Henry knew what the answer would be.
The skinny guard looked like he’d just hit puberty a few weeks ago. Thick Australian accent. “Afraid we can’t help you. Interpol is in charge. We’re just doing them a favor, keeping you here until they can move you.”
Henry checked the spot on his arm that normally housed his Rolex. It must have been the tenth time he’d done so. Habit. A pale patch of skin told him nothing of what time it might be. He had traded his watch to a pawnshop the day before and used the funds to buy phones and pay for hotels. Their grand plan to get word out about the Lena and the Red Cell and the island. Lot of good it had done them.
The wall clock said six fifteen. About ten minutes had gone by since the last time he checked.
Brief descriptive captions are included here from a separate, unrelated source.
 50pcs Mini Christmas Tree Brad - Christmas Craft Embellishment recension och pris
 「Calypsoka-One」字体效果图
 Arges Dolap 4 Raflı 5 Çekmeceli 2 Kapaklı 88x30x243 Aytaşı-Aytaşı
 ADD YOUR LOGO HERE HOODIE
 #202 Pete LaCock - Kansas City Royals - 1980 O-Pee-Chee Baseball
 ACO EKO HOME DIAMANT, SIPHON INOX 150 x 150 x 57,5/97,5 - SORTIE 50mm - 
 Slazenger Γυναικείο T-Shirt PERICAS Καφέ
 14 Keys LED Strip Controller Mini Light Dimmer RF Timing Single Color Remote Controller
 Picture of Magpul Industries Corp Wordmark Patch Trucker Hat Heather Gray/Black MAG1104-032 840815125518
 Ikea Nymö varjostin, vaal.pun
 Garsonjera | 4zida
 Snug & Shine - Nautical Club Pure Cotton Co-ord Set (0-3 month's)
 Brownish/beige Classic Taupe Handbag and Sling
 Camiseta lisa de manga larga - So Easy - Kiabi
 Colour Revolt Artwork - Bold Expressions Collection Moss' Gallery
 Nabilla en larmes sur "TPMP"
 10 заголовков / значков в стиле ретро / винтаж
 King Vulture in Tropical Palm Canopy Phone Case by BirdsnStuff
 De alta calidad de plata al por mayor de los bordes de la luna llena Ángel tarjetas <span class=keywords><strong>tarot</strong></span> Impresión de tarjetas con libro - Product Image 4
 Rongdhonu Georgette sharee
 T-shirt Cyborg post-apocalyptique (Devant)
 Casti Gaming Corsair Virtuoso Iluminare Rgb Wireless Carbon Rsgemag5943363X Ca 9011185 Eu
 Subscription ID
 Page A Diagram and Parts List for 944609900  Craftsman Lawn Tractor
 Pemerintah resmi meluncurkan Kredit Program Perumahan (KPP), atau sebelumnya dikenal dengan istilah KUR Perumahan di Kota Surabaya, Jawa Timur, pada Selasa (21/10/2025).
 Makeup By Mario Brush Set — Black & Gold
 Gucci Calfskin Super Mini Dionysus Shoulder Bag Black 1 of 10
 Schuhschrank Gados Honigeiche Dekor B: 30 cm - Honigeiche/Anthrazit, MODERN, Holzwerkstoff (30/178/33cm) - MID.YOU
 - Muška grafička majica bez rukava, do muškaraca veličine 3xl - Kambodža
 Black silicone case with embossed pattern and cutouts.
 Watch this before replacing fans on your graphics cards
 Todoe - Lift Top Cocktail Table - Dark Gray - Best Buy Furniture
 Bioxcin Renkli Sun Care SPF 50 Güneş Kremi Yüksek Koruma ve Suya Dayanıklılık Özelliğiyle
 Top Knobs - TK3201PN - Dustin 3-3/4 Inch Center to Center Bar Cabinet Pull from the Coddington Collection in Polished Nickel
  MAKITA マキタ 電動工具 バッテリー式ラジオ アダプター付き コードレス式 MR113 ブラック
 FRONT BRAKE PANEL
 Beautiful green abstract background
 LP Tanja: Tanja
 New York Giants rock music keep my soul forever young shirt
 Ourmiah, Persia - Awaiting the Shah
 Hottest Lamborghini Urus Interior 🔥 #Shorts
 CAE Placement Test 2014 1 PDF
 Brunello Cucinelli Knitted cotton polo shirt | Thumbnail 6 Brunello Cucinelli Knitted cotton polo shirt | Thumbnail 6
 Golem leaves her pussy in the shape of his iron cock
Henry kept telling himself that this would all get sorted out. That any minute now a lawyer would come through that door and demand that his clients get fair treatment. But the TV had been tuned to the news channel, so Henry knew that no lawyer would be coming.
They were being called international terrorists. The TV was saying that US authorities had audio evidence that David Manning and Henry Glickstein had conspired in an Iranian cyberattack on allied nations. This was total horseshit.
Yesterday, soon after they had arrived in Darwin, they had called David’s office. Got hold of someone he knew and thought he could trust. Told him and a group of people on the phone everything. But Lena’s crew had already put plans into motion. They had put out information that David and Henry had given classified information to Iran. Which was a complete lie. But in the information age, perception was reality. Neither David nor Henry knew whether the people on that phone call were really American loyalists who had been tricked, or Chinese agents posing as Americans.